ESTAR: Early-Stopping Token-Aware Reasoning For Efficient Inference
This addresses efficiency issues for users of large reasoning models by enabling faster inference without accuracy loss, though it is an incremental improvement on existing methods.
The paper tackles the problem of redundant reasoning in large reasoning models by introducing ESTAR, which reduces reasoning length by about 3.7x (from 4,799 to 1,290 tokens) while preserving accuracy (74.9% vs. 74.2%) across four datasets.

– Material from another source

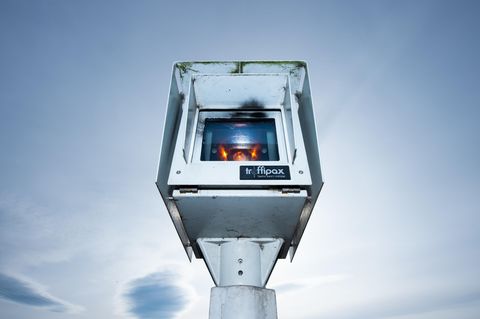 4.577 stationäre Blitzgeräte gibt es in Deutschland 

Large reasoning models (LRMs) achieve state-of-the-art performance by generating long chains-of-thought, but often waste computation on redundant reasoning after the correct answer has already been reached. We introduce Early-Stopping for Token-Aware Reasoning (ESTAR), which detects and reduces such reasoning redundancy to improve efficiency without sacrificing accuracy. Our method combines (i) a trajectory-based classifier that identifies when reasoning can be safely stopped, (ii) supervised fine-tuning to teach LRMs to propose self-generated <stop> signals, and (iii) <stop>-aware reinforcement learning that truncates rollouts at self-generated stop points with compute-aware rewards. Experiments on four reasoning datasets show that ESTAR reduces reasoning length by about 3.7x (from 4,799 to 1,290) while preserving accuracy (74.9% vs. 74.2%), with strong cross-domain generalization. These results highlight early stopping as a simple yet powerful mechanism for improving reasoning efficiency in LRMs.